A pH dependent sulfate formation mechanism caused by hypochlorous acid in the marine atmosphere

Jiarong Liu; An Ning; Ling Liu; Huixian Wang; Theo Kurtén; Xiuhui Zhang

doi:10.1016/j.scitotenv.2021.147551

A pH dependent sulfate formation mechanism caused by hypochlorous acid in the marine atmosphere

Sci Total Environ. 2021 Sep 15:787:147551. doi: 10.1016/j.scitotenv.2021.147551. Epub 2021 May 14.

Authors

Jiarong Liu¹, An Ning¹, Ling Liu¹, Huixian Wang², Theo Kurtén³, Xiuhui Zhang⁴

Affiliations

¹ Key Laboratory of Cluster Science, Ministry of Education of China, School of Chemistry and Chemical Engineering, Beijing Institute of Technology, Beijing 100081, China.
² Beijing Guodian Longyuan Environment Engineering Co. Ltd, Beijing 100081, China.
³ Department of Chemistry, University of Helsinki, Helsinki FI-00014, Finland. Electronic address: theo.kurten@helsinki.fi.
⁴ Key Laboratory of Cluster Science, Ministry of Education of China, School of Chemistry and Chemical Engineering, Beijing Institute of Technology, Beijing 100081, China. Electronic address: zhangxiuhui@bit.edu.cn.

PMID: 34000527
DOI: 10.1016/j.scitotenv.2021.147551

Abstract

Secondary sulfate plays a crucial role in forming marine aerosol, which in turn is an important source of natural aerosol at a global level. Recent experimental studies suggest that oxidation of S(IV) compounds, in practice dissolved sulfur dioxide, to sulfate (S(VI)) by hypochloric acid could be one of the most significant pathways for sulfate formation in marine areas. However, the exact mechanism responsible for this process remains unknown. Using high-level quantum chemical calculations, we studied the reaction between dissolved sulfur dioxide and hypochloric acid. We account for the dominant protonation states of reactants in the pH range 3.0-9.0. We also consider possible catalytic effects of species such as H₂O. Our results show that sulfate formation in HOCl+HOSO₂^- and HOCl+SO₃^2- reactions relevant to acidic and nearly neutral conditions can occur either through previously proposed Cl⁺ transfer or through a novel HO⁺ transfer mechanism. In alkaline conditions, where the dominant reactants are OCl^- and SO₃^2-, an O atom transfer mechanism proposed in previous experimental studies may be more important than Cl⁺ transfer. Catalysis by common cloud-water species is found to lower barriers of Cl⁺ transfer mechanisms substantially. Nevertheless, we find that the dominant S(IV) + HOCl reaction mechanism for the full studied pH range is HO⁺ transfer from HOCl to SO₃^2-, which leads directly to sulfate formation without ClSO₃^- intermediates. The rate-limiting barrier of this reaction is low, leading to an essentially diffusion-controlled reaction rate.

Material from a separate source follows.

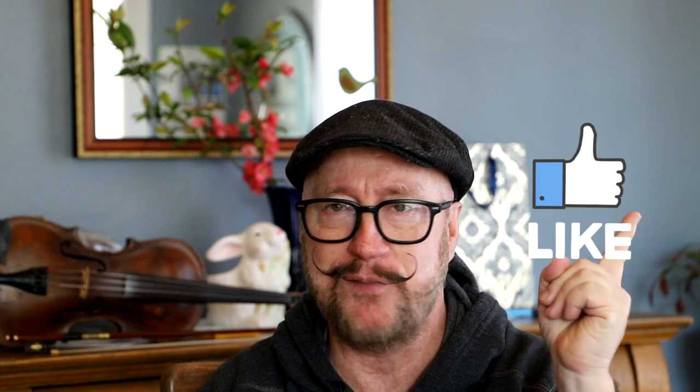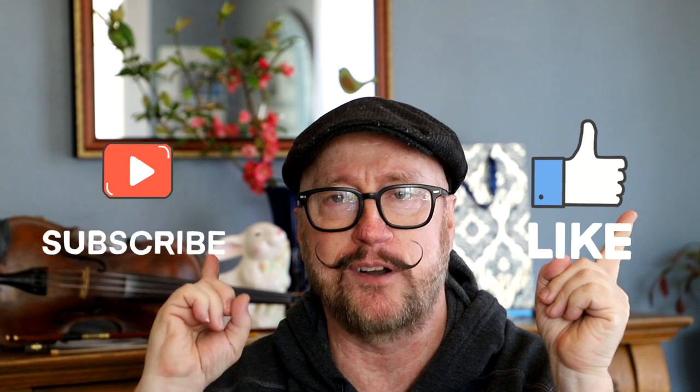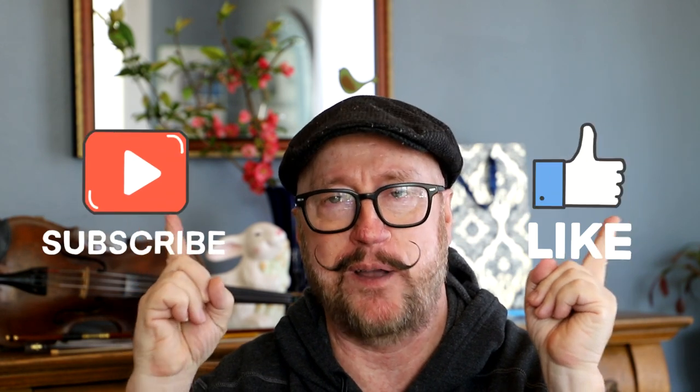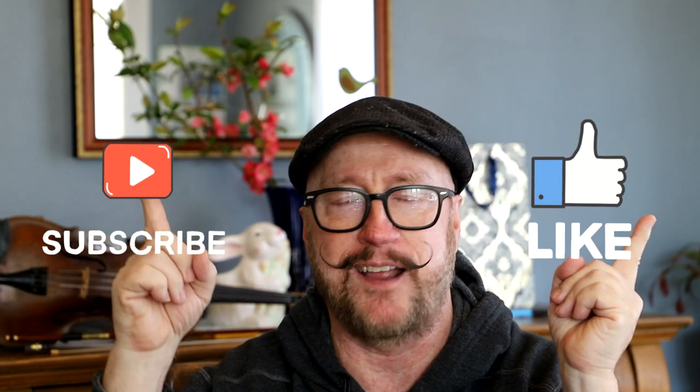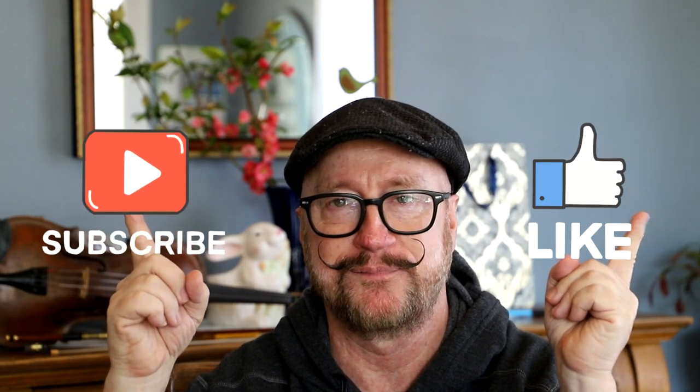That would be awesome just to help the community out. Also, hit that like button — if you haven't hit the like button, what are you waiting for? I'd really appreciate it. And make sure if you haven't subscribed, go ahead and subscribe. Thank you everyone for being here — I really appreciate it. I hope this was helpful for you if you're considering this item. I'm Fiddlin' Johnny and remember to keep fiddling around with your magic. I'll see y'all next time. Bye-bye.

S(IV) lifetimes due to this reaction decrease with increasing pH due to the increasing fractional population of SO₃^2-. Especially in neutral and alkaline conditions, depletion of HOCl by the reaction is so rapid that S(IV) oxidation will be controlled mainly by mass transfer of gas-phase HOCl to the liquid phase. The mechanism proposed here may help to explain marine sulfate sources missing from current atmospheric models.

Keywords: Aqueous phase reaction; DFT studies; Marine aerosol formation; Oxidation pathway.